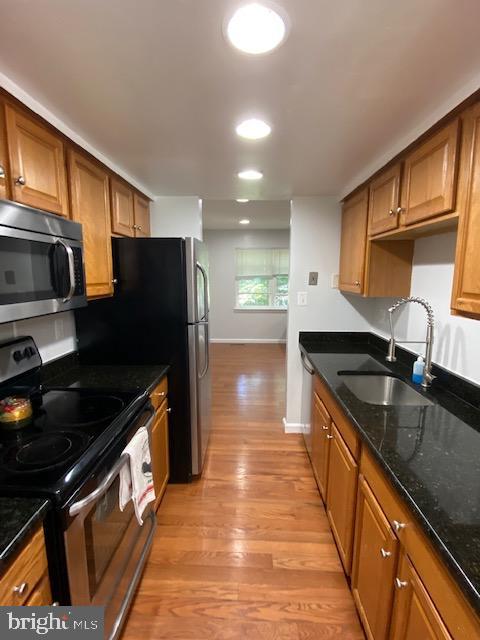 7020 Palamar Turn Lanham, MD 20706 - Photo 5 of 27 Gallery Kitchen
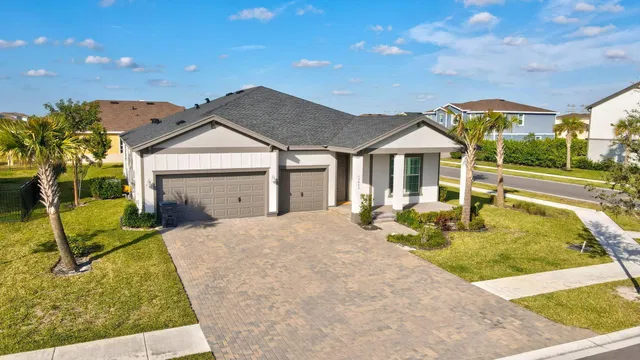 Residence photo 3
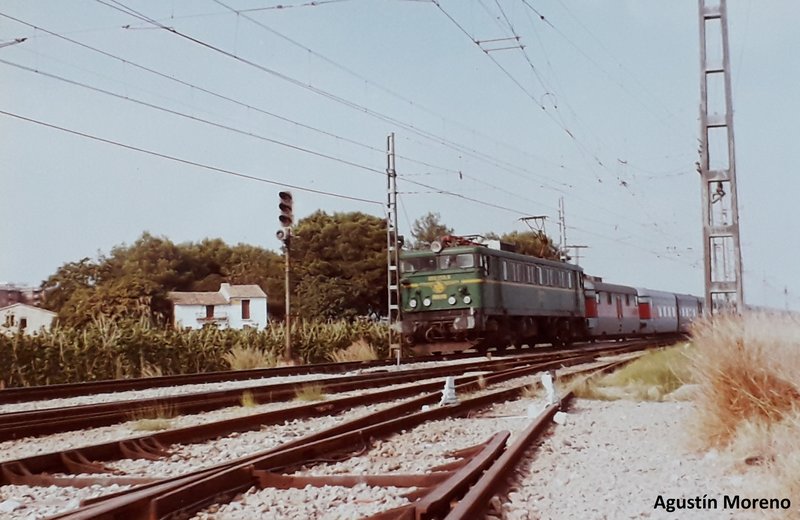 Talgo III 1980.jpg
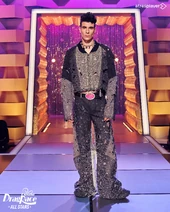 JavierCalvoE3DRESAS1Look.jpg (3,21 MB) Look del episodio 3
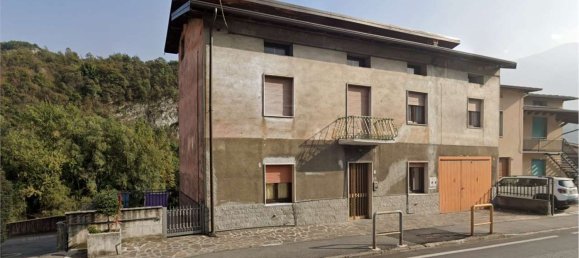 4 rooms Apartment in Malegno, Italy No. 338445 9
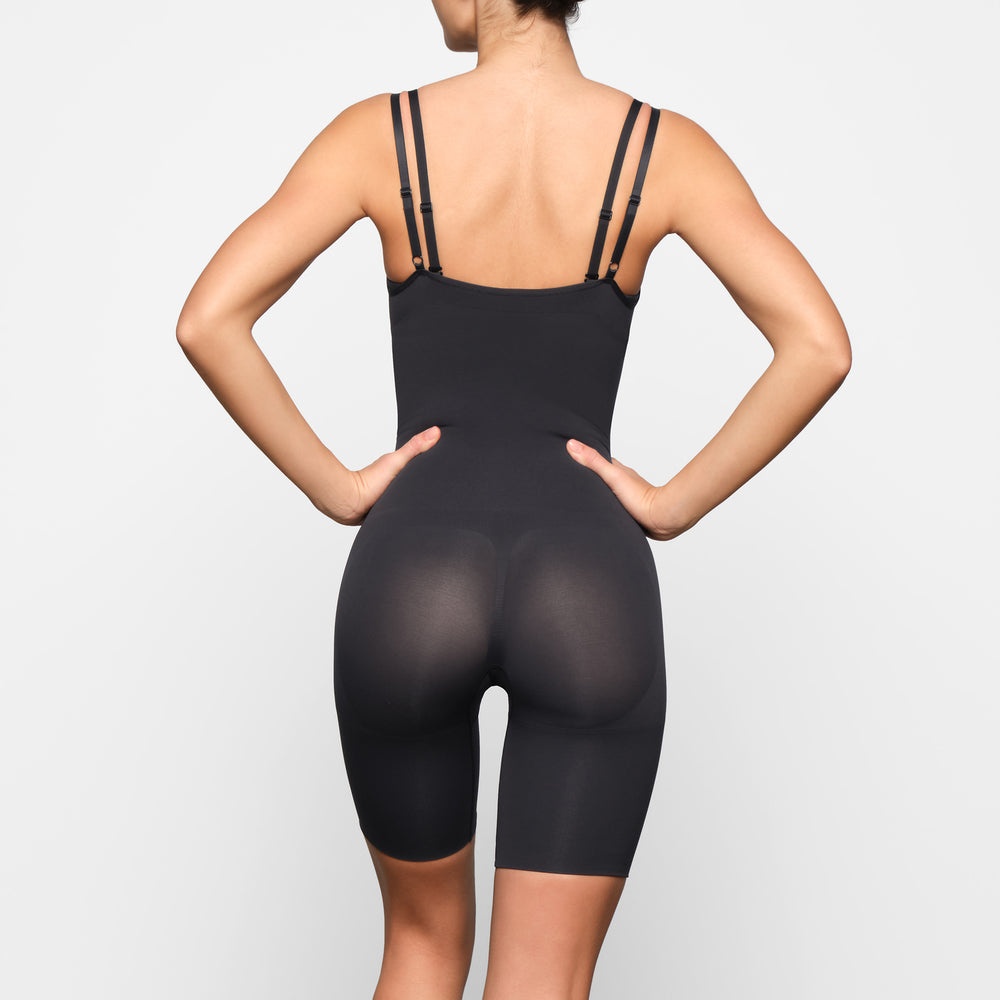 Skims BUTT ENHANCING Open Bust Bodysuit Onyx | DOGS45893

========================

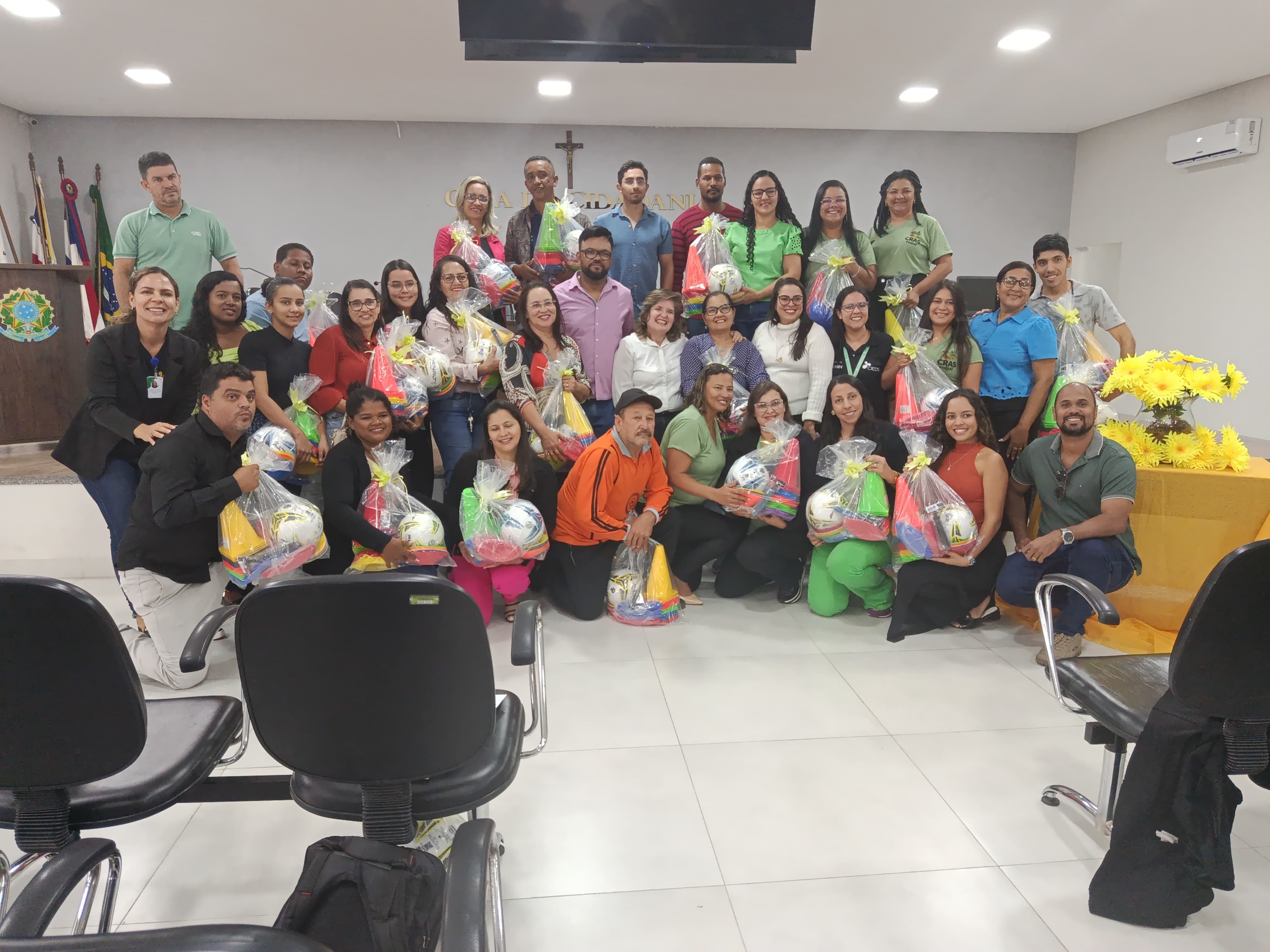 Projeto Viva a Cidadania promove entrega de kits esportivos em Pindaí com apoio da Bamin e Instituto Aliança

========================

TASK OBJECTIVE ->
An exact copy is needed of the stretch above that opens with the line containing "Residence photo 3" and closes with the line containing "Skims BUTT ENHANCING"; the pictures are not part of it.

WRITTEN RESPONSE ->
 Residence photo 3
 Talgo III 1980.jpg
 JavierCalvoE3DRESAS1Look.jpg (3,21 MB) Look del episodio 3
 4 rooms Apartment in Malegno, Italy No. 338445 9
 Skims BUTT ENHANCING Open Bust Bodysuit Onyx | DOGS45893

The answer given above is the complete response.